Action of Pauli matrices on an arbitrary qubit

The best way to capture the intuition behind Pauli matrices, is to apply each of them to a qubit in an arbitrary superposition state

\[|\;\psi\rangle=\alpha\;|\;0\rangle+\beta\;|\;1\rangle=\cos \frac{\theta}{2}|\;0\rangle+\sin \frac{\theta}{2} e^{i \varphi}|\;1\rangle \tag{13.55} \]

and interpret the result

\[\begin{align*}
\sigma_{x}\;|\;0\rangle &=\left(\begin{array}{ll}
0 & 1 \\
1 & 0
\end{array}\right)\left(\begin{array}{l}
\alpha \\
\beta
\end{array}\right) \\
&=\left(\begin{array}{c}
\beta \\
\alpha
\end{array}\right) \longrightarrow \text { Rotation of } \pi \text { about } \mathrm{x} \text { axis } \tag{13.56}\\
\sigma_{y}\;|\;0\rangle &=\left(\begin{array}{cc}
0 & -i \\
i & 0
\end{array}\right)\left(\begin{array}{l}
\alpha \\
\beta
\end{array}\right) \\
&=i\left(\begin{array}{c}
-\beta \\
\alpha
\end{array}\right) \longrightarrow \text { Rotation of } \pi \text { about } \mathrm{y} \text { axis } \tag{13.57}\\
\sigma_{z}\;|\;0\rangle &=\left(\begin{array}{cc}
1 & 0 \\
0 & -1
\end{array}\right)\left(\begin{array}{l}
\alpha \\
\beta
\end{array}\right) \\
&=\left(\begin{array}{c}
\alpha \\
-\beta
\end{array}\right) \longrightarrow \text { Rotation of } \pi \text { about } \mathrm{z} \text { axis } \tag{13.58}
\end{align*} \nonumber \]

Figure 13.4 illustrates the operation of \(\sigma_y\) on a qubit in an arbitrary superposition on the Bloch sphere

Figure 13.4: Operation of \(\sigma_y\), on the Bloch sphere

Hence Pauli matrices are rotations of \(\pi\) about each of the axes of the bloch sphere (this motivates the names we gave them). However, to fully explore the surface of the Bloch sphere we need to be able to define arbitrary rotations (not just multiples of \(\pi\)). To do so we use the neat trick of exponentiating Pauli Matrices. Recall Euler’s formula relating the exponential function to sine and cosine,

\[e^{i x}=\cos x+i \sin x. \tag{13.59} \]

Euler’s formula applies when x is a real number. But we are interested in obtaining a similar result for Pauli matrices.
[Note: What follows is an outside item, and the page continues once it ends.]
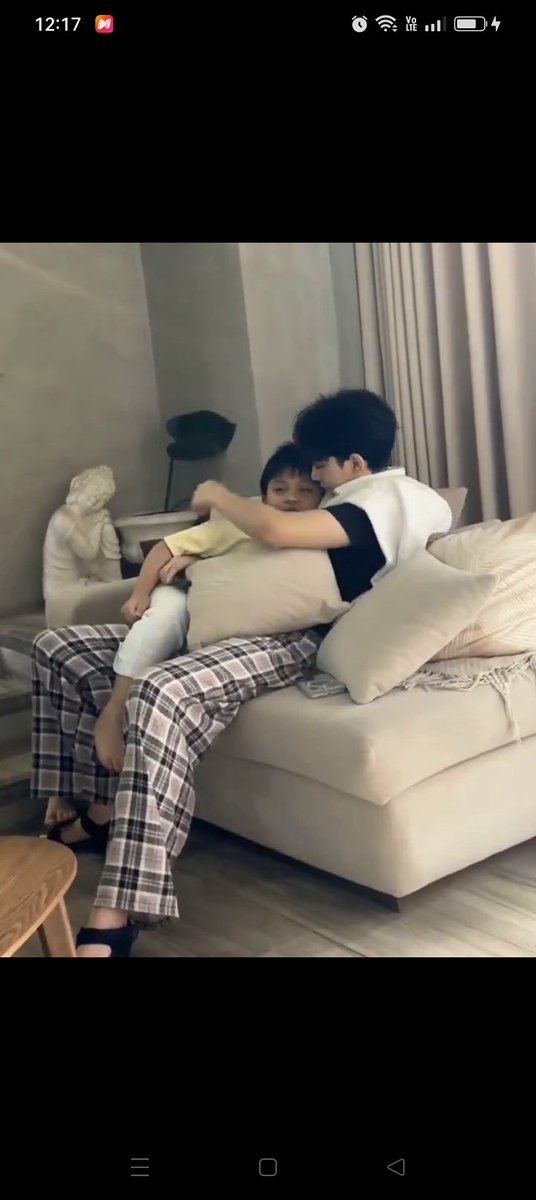 vinaminhoe's tweet photo. Bobo nman. Pano naging one sided feelings yan kung both families are these close? 😂 kulang na nga lng mag pagawa yan ng mansion at dun sila lahat tumira 😂 https://t.co/SQcJeXwQl5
We can prove the equivalent to Euler’s formula for Pauli matrices by replacing \(x\) by \(\frac{\theta}{2} \sigma_x\), and expanding the exponential as a Taylor series (note that \(\sigma_x\sigma_x = \mathbb{I})

\[\begin{align*}
e^{i \sigma_{x} \theta / 2} &=1+i \frac{\theta}{2} \sigma_{x}-\frac{1}{2}\left(\frac{\theta}{2}\right)^{2} \mathbb{I}-i \frac{1}{3}\left(\frac{\theta}{2}\right)^{3} \sigma_{x}+\frac{1}{4}\left(\frac{\theta}{2}\right)^{4} \mathbb{I}+\cdots \tag{13.60}\\
&=\left(1-\frac{1}{2}\left(\frac{\theta}{2}\right)^{2}+\frac{1}{4}\left(\frac{\theta}{2}\right)^{4}+\cdots\right) \mathbb{I}+i\left(0+\left(\frac{\theta}{2}\right)-\frac{1}{3}\left(\frac{\theta}{2}\right)^{3}+\cdots\right) \sigma_{x} \tag{13.61}\\
&=\cos \frac{\theta}{2} \mathbb{I}+i \sin \frac{\theta}{2} \sigma_{x} \tag{13.62}
\end{align*} \nonumber \]

This result shows us how to do arbitrary rotations of an angle \(\theta\) about the \(x\) axis, the resulting operator is often called \(R_x(\theta) = e^{i\sigma_x\theta/2}\). The cases of \(R_y\) and \(R_z\) are completely analogous.
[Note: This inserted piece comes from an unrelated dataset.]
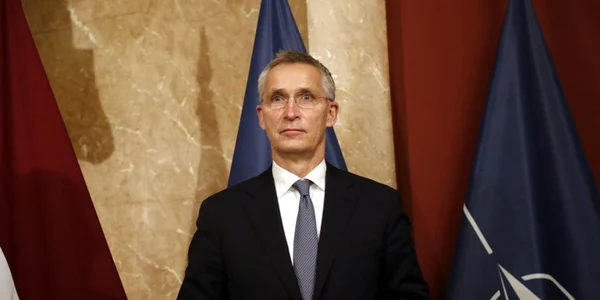 Jens Stoltenberg FOTO EPA-EFE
Summing up, we have shown how to represent any qubit as a point in the Bloch sphere and we have learnt how to navigate the bloch sphere doing arbitrary rotations about any of the three axis. It follows that we have obtained an expression for the group of operations of symmetry that allow us to write the form of any operator acting on a single qubit.
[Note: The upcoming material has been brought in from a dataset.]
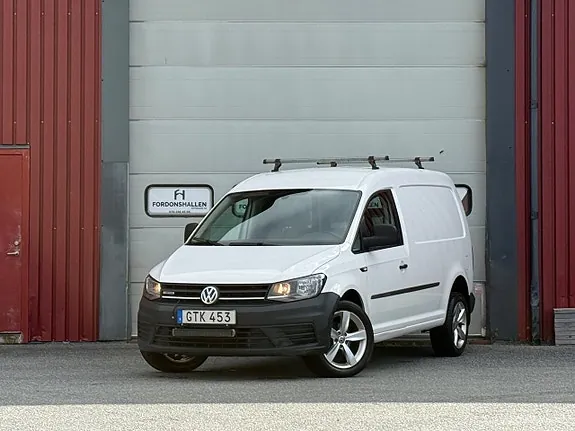 Volkswagen Caddy Maxi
\(^6\)Groups are conventionally named with letters like O,U, SU, SO, etc. Each of this letters has a meaning. SU(2) stands for the special (S) group of unitary (U) matrices of dimension 2. Special means that the determinant of the matrices is +1, and unitary has here the same meaning it had in the discussion of the operators.